ABOUT THIS EXERCISE :: Without copying the images, write out all the entries below verbatim.

________________________

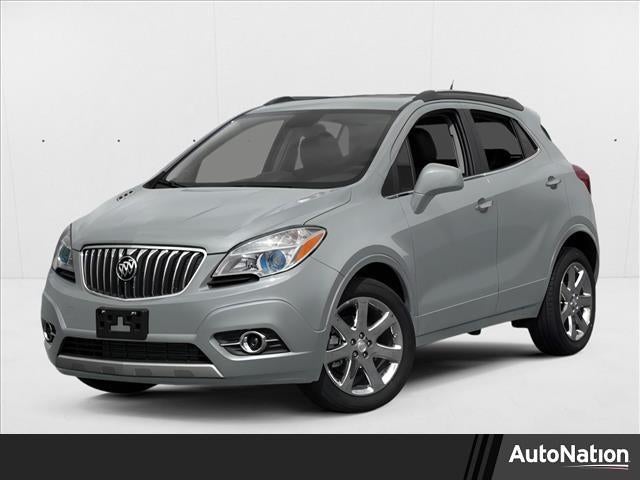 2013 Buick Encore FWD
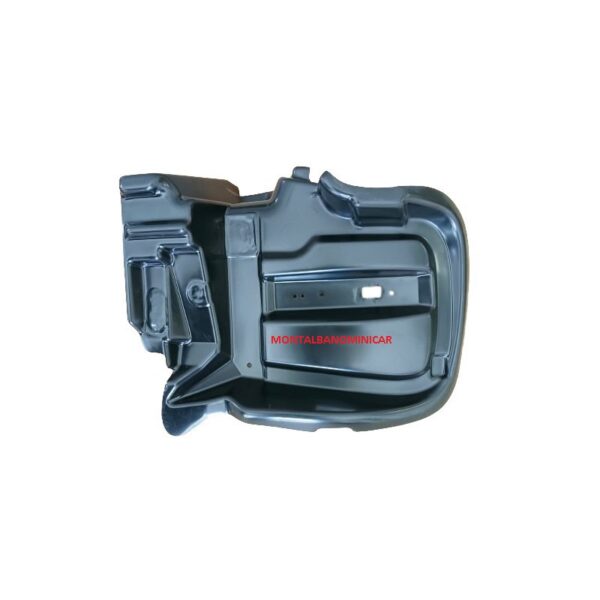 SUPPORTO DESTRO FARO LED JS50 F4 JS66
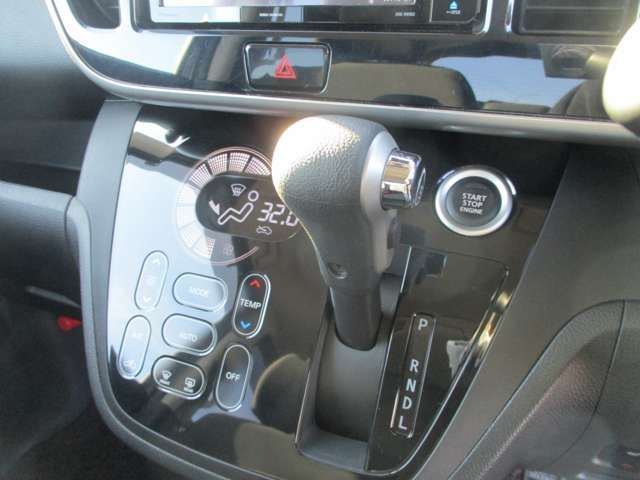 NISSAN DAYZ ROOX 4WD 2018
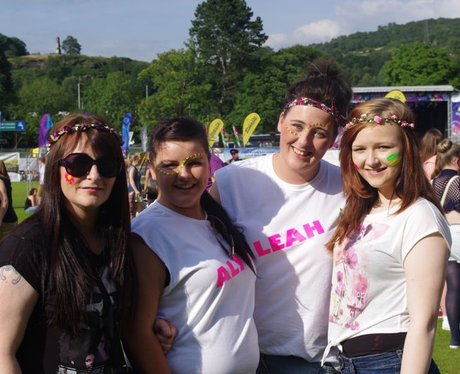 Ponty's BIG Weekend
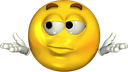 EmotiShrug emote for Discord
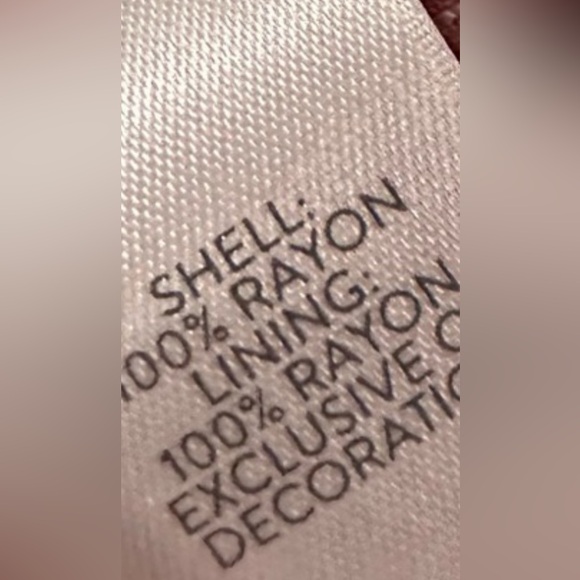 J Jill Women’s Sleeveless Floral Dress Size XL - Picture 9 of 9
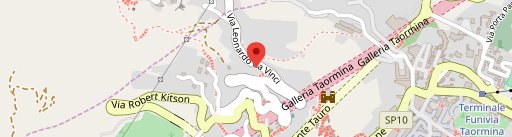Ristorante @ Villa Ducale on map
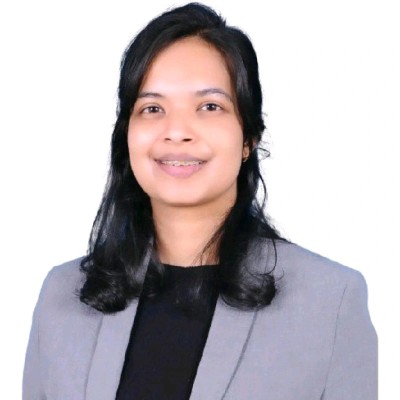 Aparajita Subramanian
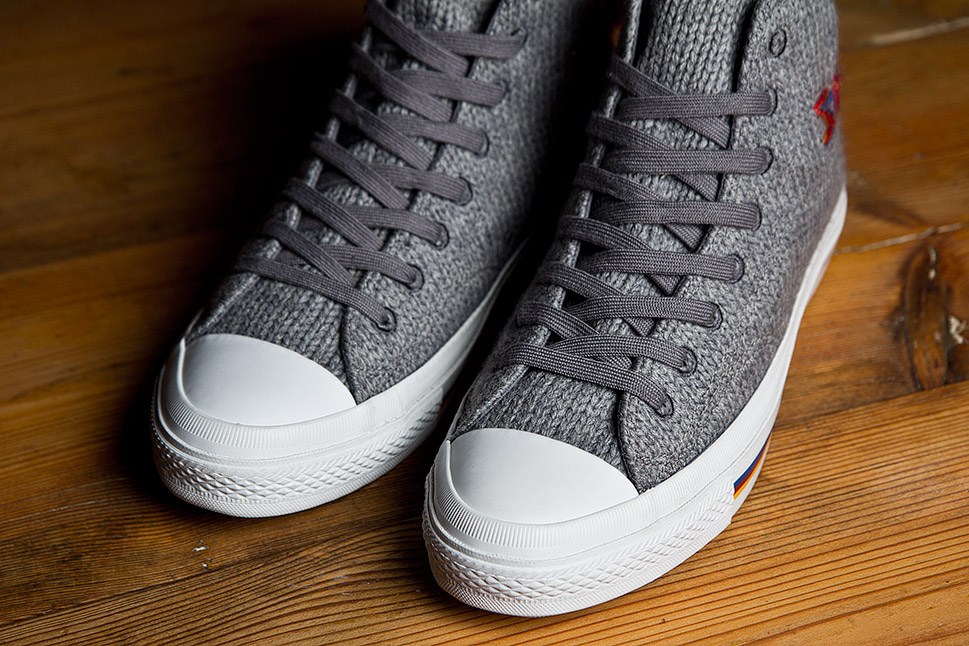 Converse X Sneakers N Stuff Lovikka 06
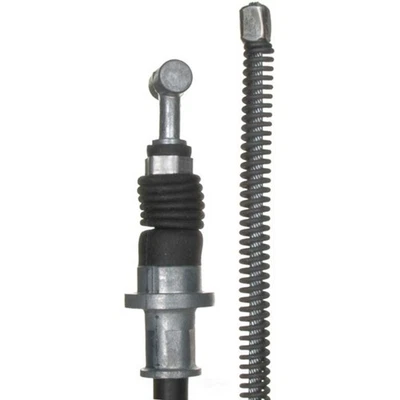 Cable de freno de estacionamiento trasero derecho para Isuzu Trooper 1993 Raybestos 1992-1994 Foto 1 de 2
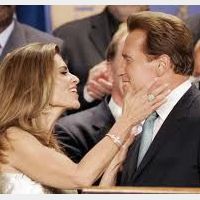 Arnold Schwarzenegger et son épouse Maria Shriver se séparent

________________________

ANSWER FOR THIS EXERCISE ::
 2013 Buick Encore FWD
 SUPPORTO DESTRO FARO LED JS50 F4 JS66
 NISSAN DAYZ ROOX 4WD 2018
 Ponty's BIG Weekend
 EmotiShrug emote for Discord
 J Jill Women’s Sleeveless Floral Dress Size XL - Picture 9 of 9
Ristorante @ Villa Ducale on map
 Aparajita Subramanian
 Converse X Sneakers N Stuff Lovikka 06
 Cable de freno de estacionamiento trasero derecho para Isuzu Trooper 1993 Raybestos 1992-1994 Foto 1 de 2
 Arnold Schwarzenegger et son épouse Maria Shriver se séparent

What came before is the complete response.